Je ne parviens pas à répondre : je me demande vraiment ce qui m’arrive, où je suis et ce que je fais là…

— Tu nous as fait tellement peur ! poursuit ma mère. Tu m’entends, ma chérie ? 

Et en une seconde, tout me revient : les dunes de sable, les enfants autour des quads, les livres jaunis, la petite pièce sombre et poussiéreuse, la chaleur, le soleil, les flammes, le feu…

— Le feu !

Je viens de crier, sans même m’en rendre compte ! Papa entre précipitamment dans la pièce, en réaction à mon cri évidemment, et je vois tout de suite que ses yeux sont aussi rouges et gonflés que ceux de Maman.

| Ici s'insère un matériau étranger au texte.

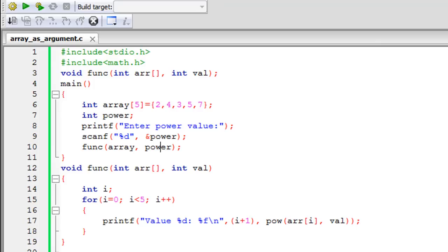Hello guys, welcome to my channel. This is the 55th tutorial in this course, and in this tutorial we're going to see how we can pass arrays as arguments to functions. Using Code Blocks, I have saved a file named 'array_as_argument.c'. On line one I have the stdio.h header file, on line two I have the math.h header file, included because I'm going to use the power function. On line three I have declared a function called func.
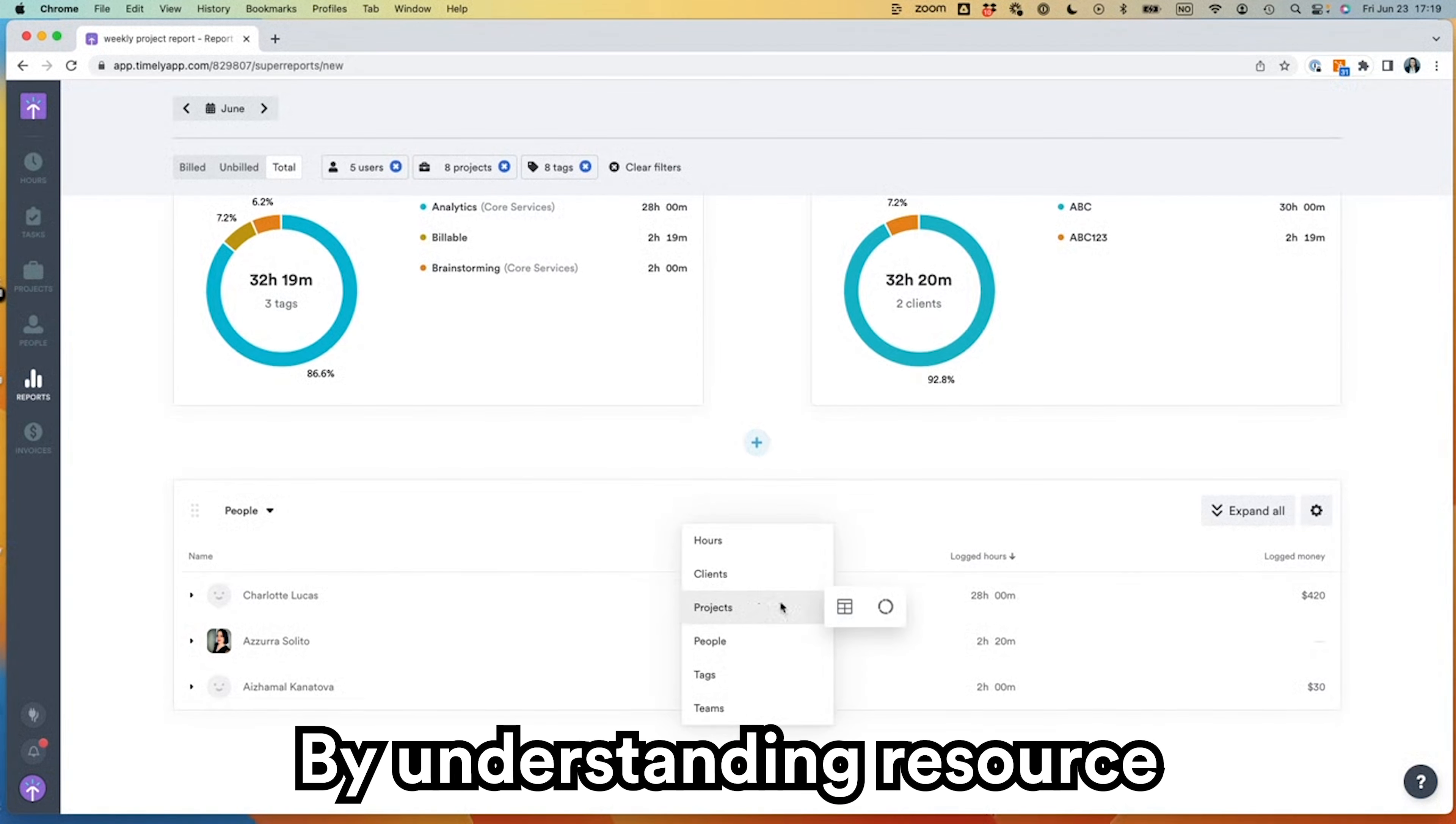Timely ensures that teams can work effectively regardless of location, adapt to changes quickly, and sustain growth in a competitive landscape.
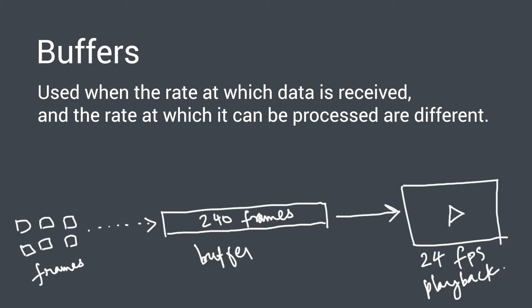Say for example a video is playing at 24 frames per second on your computer and the streaming app may actually store 240 frames in its buffer so that it can continue playing for the next 10 seconds even if the network is interrupted for a few seconds.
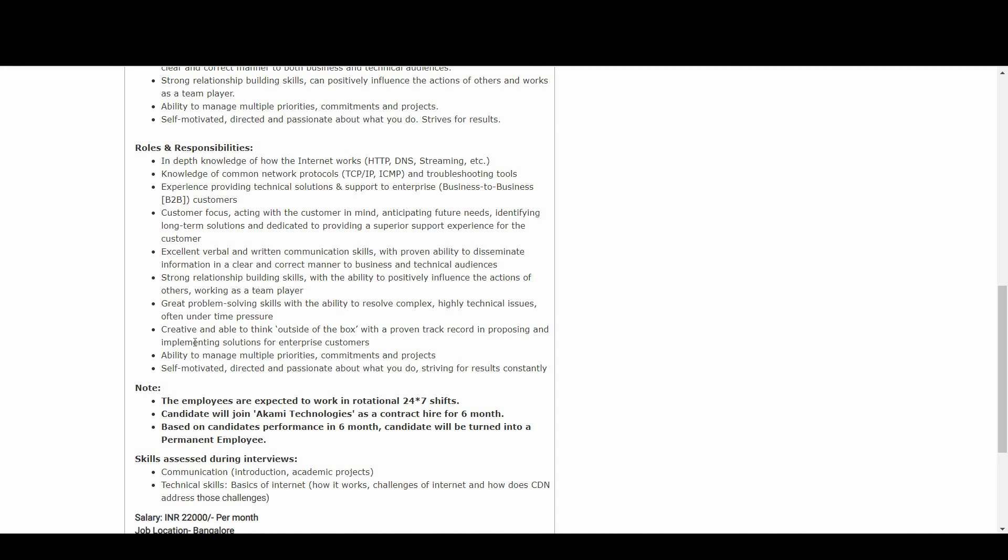Coming to the interview part - which skills will be assessed? First is communication, which includes introduction and academic projects. Second is technical skills - basics of internet, how it works, challenges of internet, and how candidates address those challenges. For example, they'll give you real-time challenges based on internet topics, so you have to come up with a solution right at the point.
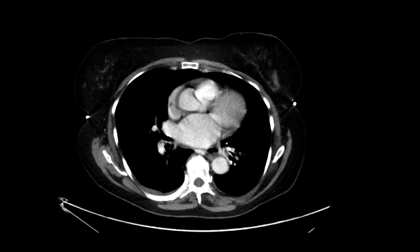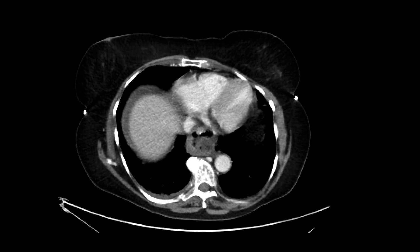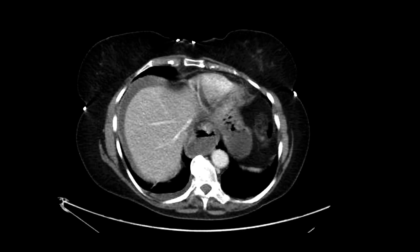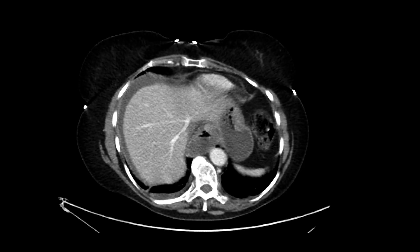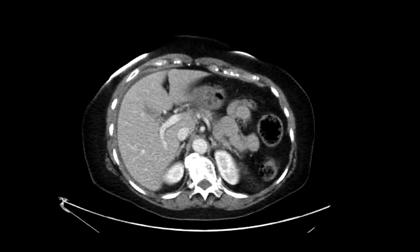This is a patient who comes in with right lower quadrant pain and gets a CT scan with intravenous contrast. We can immediately see that there is some right upper quadrant free fluid in the right subdiaphragmatic region. There's also a small to moderate size hiatal hernia.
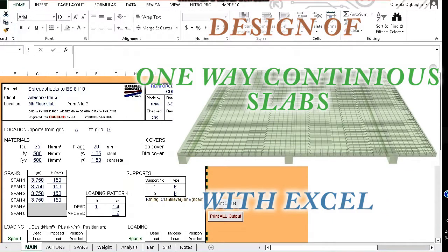Good day. Today I want to introduce you to another Excel program you can use to design continuous one-way slabs.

— Gisèle ! Tu es réveillée, enfin ! Reste calme, allonge-toi ma chérie, tout va bien !

Rester calme… Mon coeur bat trop fort, tout se bouscule dans ma tête ! Je revois Tidiane, le gardien des livres, l’étonnante bibliothèque de Tichitt, les images du kaléidoscope, les flammes, la cendre qui vole… Maman serre fort ma main dans la sienne tandis que Papa se penche sur moi :

— Tu as fait un malaise à cause de la chaleur, mais tout va bien maintenant, tu vas reprendre des forces ici aujourd’hui encore, et si le Docteur est d’accord, tu sortiras demain.

Je pense soudain à mon petit frère Alphonse, je le cherche des yeux, il est là, derrière Papa, son pouce dans la bouche et un nouveau doudou dans les bras, un doudou que je ne connais pas mais qui, tout de suite, me rappelle Saucisson-Sec, le premier…

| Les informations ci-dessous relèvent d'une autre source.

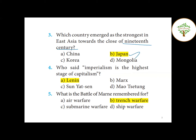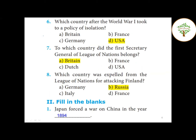Fourth question — who said 'imperialism is the highest stage of capitalism'? The answer is Lenin. Fifth question — what is the Battle of Marne remembered for? Sixth question — which country after World War I took to a policy of isolation? The answer is USA.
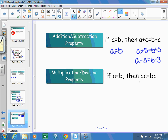The multiplication and division property says I can multiply both sides of the equation by the same value, or divide them. So A divided by C equals B divided by C.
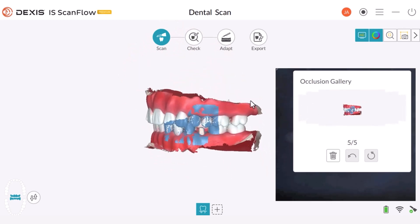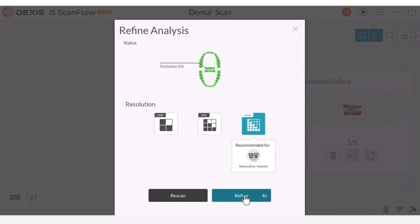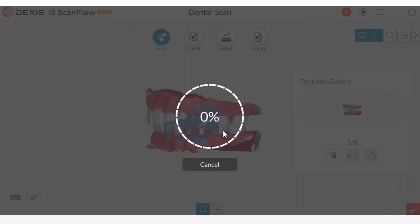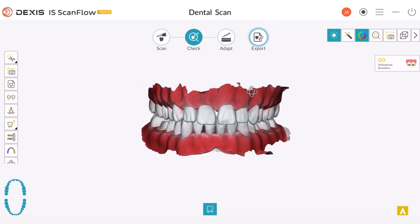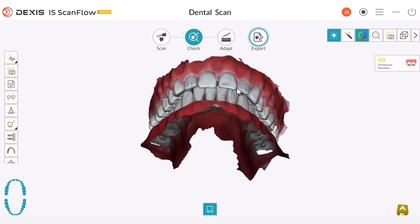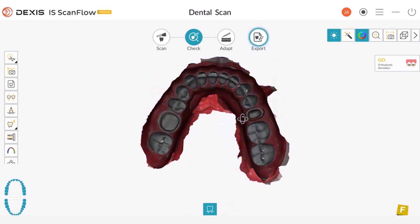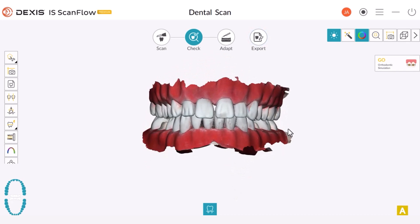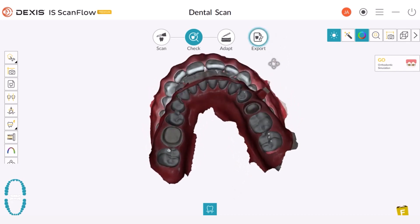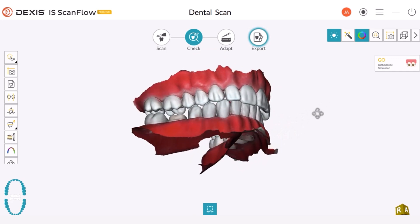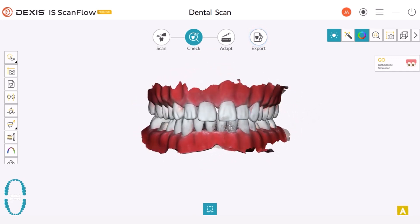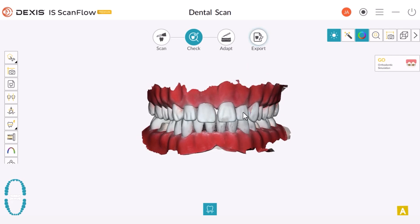When ready, select check and proceed with refinement. Afterward, review the final result with a finished model on the screen. It is important to look and make sure that the holes where the cusps are sticking through are small. Also make sure that there is no open bite anywhere. To confirm the quality of your scan, use the Occlusion Proximity Tool.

— Monsieur Jean-Pascal Lesec ? Mohamed ? Et Tidiane ? Où sont-ils ? Comment ils vont ?

Papa sourit :

— Tout va bien, Gisèle, ne t’inquiète pas. Monsieur Lesec est rentré chez lui, à l’hôtel, et Mohamed nous a conduits ici. Tidiane va bien aussi, tous attendent de tes nouvelles. Nous irons les voir demain. Repose-toi encore un peu, ferme les yeux, nous allons rester près de toi, tous les trois, un moment.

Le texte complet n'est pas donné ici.